To-day he started about old Joe Gossett. Joe is an old man who earns a little by winding up some of the big clocks in the village—the church clock, the one over the stables at home, and one or two more. At least, he’s supposed to; but he often forgets, and then the clocks stop, and there’s rather a fuss. I like Joe. He is a friend of mine. We have long talks about pigs. He loves talking about pigs. He has two of his own, and they are like sons to him. I have known him talk for three-quarters of an hour about them.

“Old Joe,” said Phillipps, “he forgot to wind up the stable clock again. He’s careless, Miss.”

I said: “Poor Joe! Was father cross?”

Phillipps chuckled. He is the only chauffeur I have met who ever does chuckle.

“Ah!” he said. “You’re right, miss. Old Joe, he’s always talking about his blessed pigs, till he forgets there’s anything except them in the world.” Phillipps let the car go a mile before he said anything else. He’s like that. He turns himself off like a tap.

He started again quite suddenly.

“Rare excitement in the village, miss, about that there right-of-way.”

That was the first I had heard of it. Phillipps told me the story in jerks.

It was like this. I am condensing Phillipps’ explanation, and leaving out what he said to the butler about it, and what the butler said to him.

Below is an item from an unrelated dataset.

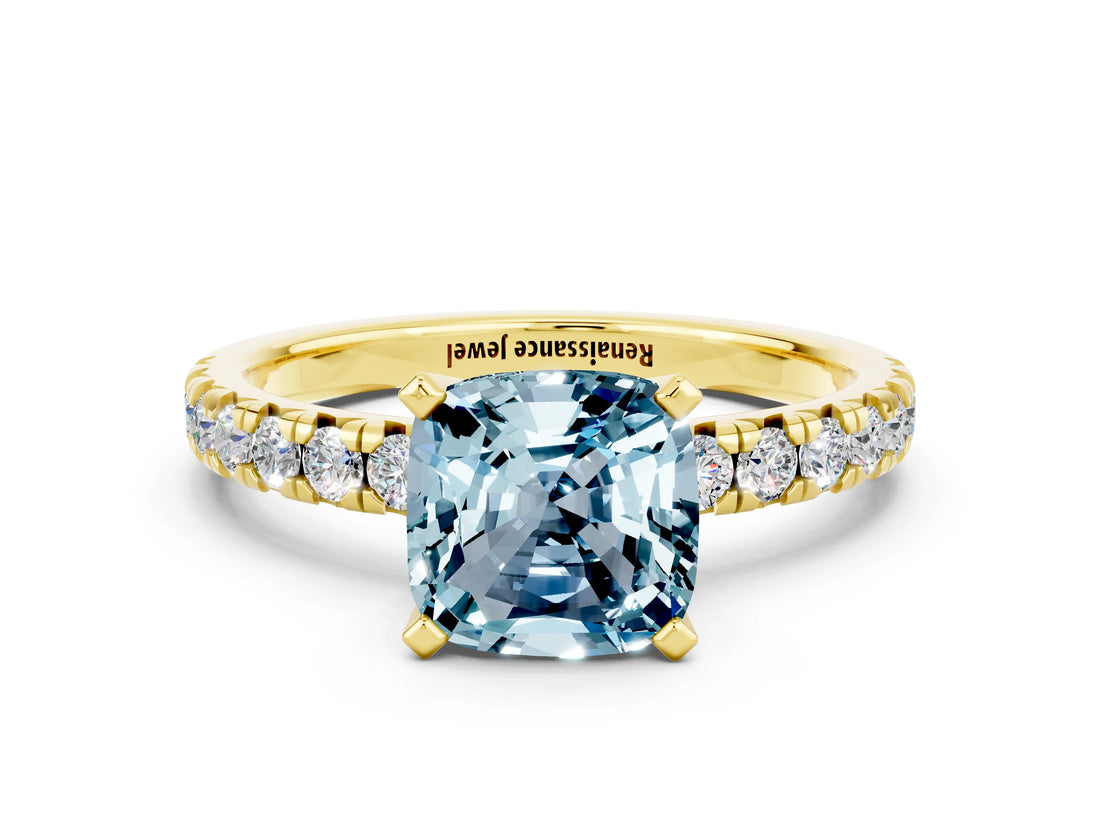 Yellow gold Cushion Cut Aquamarine Solitaire Pavé Engagement Ring with Round Band and Prong Setting_90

Beyond the wood at the end of our lake is a field. The villagers have always used it as a short cut. It saved them going round two sides of a big triangle. Father didn’t mind. They never went off the path, but simply walked straight from gate to gate. They had been doing it as long as I could remember. Well, father, after letting them do it for years, has suddenly said they mustn’t, and closed the field. And now there was great excitement, because the villagers said that they had a legal right to use the path, and father said no, they hadn’t anything of the sort, and that he had a perfect right to stop them.

I couldn’t understand it a bit, because father had always been so nice to the villagers, and there didn’t seem any reason for suddenly being horrid to them.

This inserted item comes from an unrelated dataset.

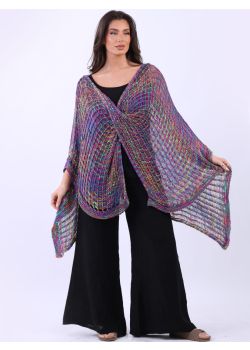 Women Knitted Multicolor Wrap Batwing Cover Up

Then Phillipps explained further, and I understood.

“Mr. Morris,” he said—Morris is our butler—“says that it’s not, rightly speaking, the colonel’s doing at all. Mr. Morris says it was Mr. Rastrick as put Jim up to it, and made him do it. Mr. Morris says he heard him at dinner. Mr. Morris says Mr. Rastrick kept on telling the colonel he was being put upon, and must stand up for his rights, and about the thin edge of the wedge. Mr. Morris says that what’s set the colonel off.”

Then I saw the whole thing, because I knew Mr. Rastrick, and knew just how he would talk father over. I hate Mr. Rastrick. He was at school with father, and sometimes comes to stay with us. He has a private school near London. My brother Bob says he bears him no grudge for that, but that what he objects to is that Mr. Rastrick seems to look on our house as a sort of branch of his private school. He is one of those horrid men who will try to manage everybody’s business. I have heard him telling Morris how to look after a cellar. He sometimes lectures Phillipps on motors. And he was always giving me advice in a horrid managing way when he was last stopping with us.

I could see him persuading father. My brother Bob once said to me that, if you were tactful, father would let you sit on his lap and help yourself out of his pockets; but that, if he got the idea that he was being let in on the quiet, he ramped.

Evidently he had ramped about this right-of-way business.

I made up my mind that I would try and stop it if I possibly could, because I know that in a day or two, when he had had time to think it over quietly, he would wish that he hadn’t done it, only he would be too proud to give in then.

I thought a great deal about it as I dressed for dinner.